Extended playtime was the biggest benefit of the CD, there was no need to get up and flip sides at the halfway point, and there was generally more music in the relatively small package.
The turntable fell out of favour, and we (as a society of consumers) stopped buying LP records and began replacing much-loved albums in the latest format, along with the new offerings by the latest artists. As we bought up the rather expensive discs, the audio equipment became more affordable, portable, and more and more people bought into the format. Year over year, sales of vinyl dropped, and quickly. Like the 8-traack tape, records were expected to fall off the map.
Even serious collectors of music (and yes, I am one) could not help but love the portability as the CD fit into blasters, compact personal players, and even the automobile. I never stopped listening to my old records, but more and more began to appreciate the ease of popping a CD into the player.

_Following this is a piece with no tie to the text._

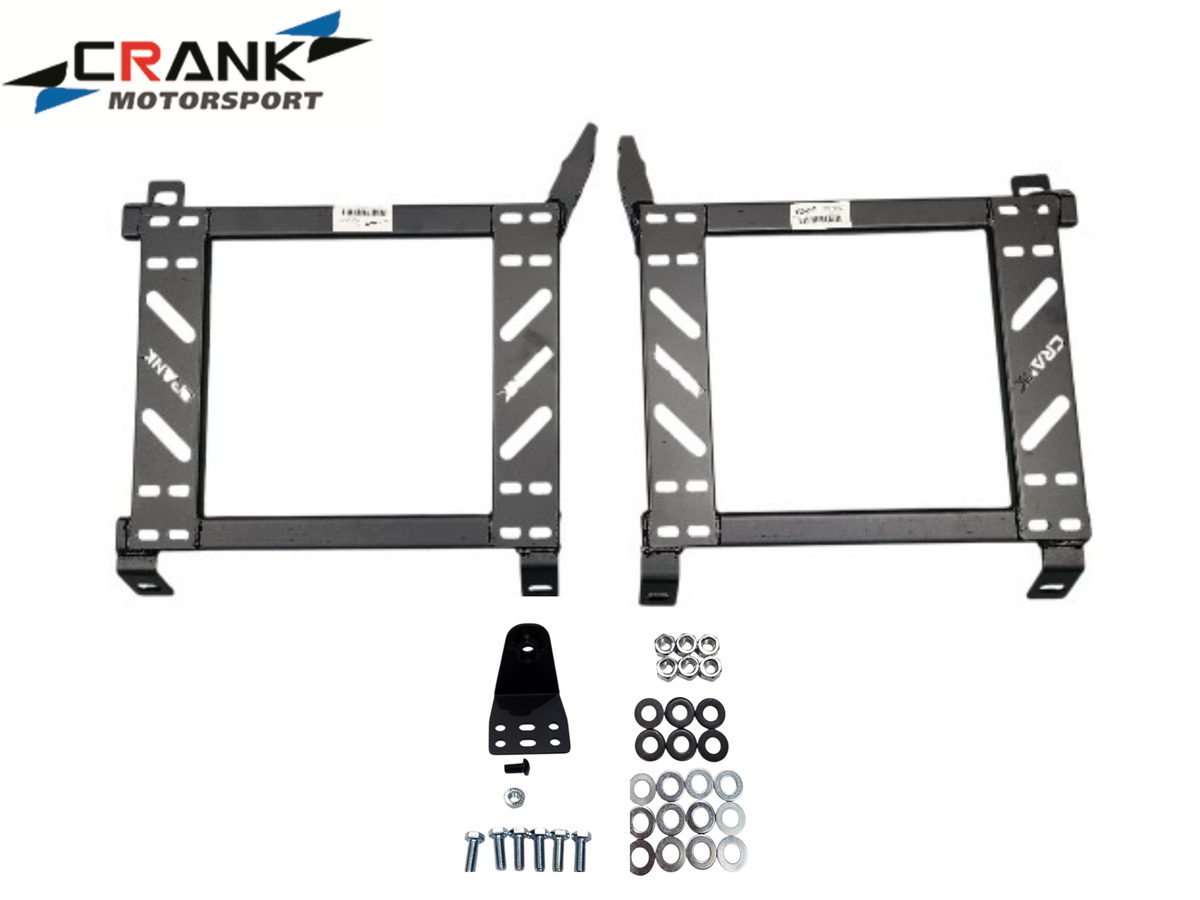 2x Crank Motorsport Subaru Impreza GE/GV/GH/GR/GK/GT 2007–2016 Seat Adapter Rail – Suit BRIDE RECARO SPARCO – Heavy Duty Seat Mount Bracket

There were downfalls to the new format however, and it had more to do with packaging than product. The covers of the discs were no longer 12-inch square samples of some of the most advanced pop art and photography on the planet. Liner notes became things of the past. Yes, some discs included booklets with lyrics printed in a type size usually reserved for fine print on legal contracts or ingredient lists on processed food, and some discs even included stickers, but nothing like the posters and stickers provided in the aforementioned Dark Side of the Moon.
A large part of the value of a vinyl record was the sleeve. I could, and did, literally, sit for hours reading about who played what instrument, ponder the poetic lyrics, or just stared at glorious photographs while sitting and listening to the latest album by a favorite artist.
To listen, to truly experience music on a turntable, requires you be in one specific place. Enjoyment is found in being stationary. There is not, nor has there ever been, portability when it comes to a turntable; not like a cassette, or 8-track, CD, MP3, or any other type of digital download. Even the portable record players of the ‘60s and ‘70s — the carry-on sized units with Lucite handles and tweed speaker covers — were not really portable (in the sense we now know) and required a definite stillness.
When you sit, when you are still, there is a more focused attempt at listening. It was not passive listening, as we have come to do as we drive, as we multi-task, and make our way to work, or sunburn at the beach.
The stillness required of a turntable provided time to relax and just breathe in the music. It’s important to find the time to sit and relax, and ultimately, the turntable did that.
Now, I’m not dissing digital, not completely. My MacBook is stuffed with music that discs and downloads have allowed me to take anywhere.
And, as far as sound goes, I still prefer listening to classical, or jazz, on the CD format. I think, especially with the more gentle passages, you are given a superior listening experience. But when it comes to rock and roll, nothing (I repeat; nothing) sounds better than vinyl (except, maybe, live).
Rock and roll has always been a little bit dirty, a little scuffed up, maybe a little distorted, and a heck of a lot wilder. Somehow the scratches, the snap, crackle, and pop of a vinyl record (especially at higher volume) adds to the total experience.
It’s rough and real, and it rocks.
I write this as I listen to Patty Smith’s Easter, a previously-loved album I picked up a few weekends ago for $10 at one of this city’s great independent record stores. I paid a few dollars less for the record when it was new in 1978, but what’s a few bucks when magic is involved?
© 2015 j.g. lewis
“You can’t touch music — it exists only at the moment it is apprehended — and yet it can profoundly alter how we view the world and our place in it. Music can get us through difficult patches in our lives by changing not only how we feel about ourselves, but also how we feel about everything outside ourselves. It’s powerful stuff.”